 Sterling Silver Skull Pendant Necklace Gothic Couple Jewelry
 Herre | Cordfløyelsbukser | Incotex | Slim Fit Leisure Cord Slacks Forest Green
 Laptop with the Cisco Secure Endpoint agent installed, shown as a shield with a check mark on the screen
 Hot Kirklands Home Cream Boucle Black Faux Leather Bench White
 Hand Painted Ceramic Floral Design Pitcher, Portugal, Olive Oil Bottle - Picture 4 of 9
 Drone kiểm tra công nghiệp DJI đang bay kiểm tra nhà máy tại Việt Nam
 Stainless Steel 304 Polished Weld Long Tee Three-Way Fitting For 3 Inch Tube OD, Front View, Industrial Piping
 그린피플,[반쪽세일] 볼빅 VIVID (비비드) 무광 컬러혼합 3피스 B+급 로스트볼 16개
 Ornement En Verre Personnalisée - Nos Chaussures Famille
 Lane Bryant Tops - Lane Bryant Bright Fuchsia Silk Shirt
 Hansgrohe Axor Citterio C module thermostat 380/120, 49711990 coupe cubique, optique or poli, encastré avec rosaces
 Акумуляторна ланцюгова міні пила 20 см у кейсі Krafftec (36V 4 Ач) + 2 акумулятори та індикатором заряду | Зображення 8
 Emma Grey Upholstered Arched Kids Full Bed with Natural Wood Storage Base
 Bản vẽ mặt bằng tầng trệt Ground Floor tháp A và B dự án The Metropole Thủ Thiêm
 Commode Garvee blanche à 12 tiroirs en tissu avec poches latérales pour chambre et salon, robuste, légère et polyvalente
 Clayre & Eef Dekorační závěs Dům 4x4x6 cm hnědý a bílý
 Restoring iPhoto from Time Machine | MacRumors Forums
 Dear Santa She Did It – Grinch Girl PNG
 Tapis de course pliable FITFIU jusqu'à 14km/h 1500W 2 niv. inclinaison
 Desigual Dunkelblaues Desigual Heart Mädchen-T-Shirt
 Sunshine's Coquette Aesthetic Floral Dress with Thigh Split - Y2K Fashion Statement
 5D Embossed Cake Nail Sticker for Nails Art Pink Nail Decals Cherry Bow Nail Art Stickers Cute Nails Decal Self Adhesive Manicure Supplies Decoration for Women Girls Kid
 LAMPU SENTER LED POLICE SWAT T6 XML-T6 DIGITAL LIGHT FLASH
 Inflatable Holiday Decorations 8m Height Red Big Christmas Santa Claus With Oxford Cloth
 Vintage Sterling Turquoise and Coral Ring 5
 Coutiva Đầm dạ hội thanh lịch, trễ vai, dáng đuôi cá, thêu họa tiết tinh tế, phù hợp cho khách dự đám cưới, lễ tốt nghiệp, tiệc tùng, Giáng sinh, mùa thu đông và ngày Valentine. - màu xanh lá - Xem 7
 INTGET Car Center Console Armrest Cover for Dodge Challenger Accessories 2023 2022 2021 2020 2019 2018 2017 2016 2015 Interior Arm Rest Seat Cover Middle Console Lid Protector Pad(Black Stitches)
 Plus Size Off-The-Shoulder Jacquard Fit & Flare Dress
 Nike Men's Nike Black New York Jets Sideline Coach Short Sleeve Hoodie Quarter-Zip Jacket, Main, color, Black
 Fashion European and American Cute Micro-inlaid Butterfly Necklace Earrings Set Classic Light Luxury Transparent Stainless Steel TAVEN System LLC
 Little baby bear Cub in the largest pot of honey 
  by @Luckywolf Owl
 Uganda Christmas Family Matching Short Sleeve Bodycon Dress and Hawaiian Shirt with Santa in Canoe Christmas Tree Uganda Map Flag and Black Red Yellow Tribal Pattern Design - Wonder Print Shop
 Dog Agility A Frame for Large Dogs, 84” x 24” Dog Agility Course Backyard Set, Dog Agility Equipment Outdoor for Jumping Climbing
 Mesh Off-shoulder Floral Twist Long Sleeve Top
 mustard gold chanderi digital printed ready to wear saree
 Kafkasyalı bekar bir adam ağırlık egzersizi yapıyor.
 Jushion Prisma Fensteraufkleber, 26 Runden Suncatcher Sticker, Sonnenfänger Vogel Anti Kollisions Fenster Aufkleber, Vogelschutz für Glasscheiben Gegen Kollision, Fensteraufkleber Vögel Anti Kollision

**Activity**
The lines above from the one with "Hot Kirklands Home" through the one with "Drone kiểm tra" are to be duplicated exactly, ends included, with nothing added.

**Answer to the exercise**
 Hot Kirklands Home Cream Boucle Black Faux Leather Bench White
 Hand Painted Ceramic Floral Design Pitcher, Portugal, Olive Oil Bottle - Picture 4 of 9
 Drone kiểm tra công nghiệp DJI đang bay kiểm tra nhà máy tại Việt Nam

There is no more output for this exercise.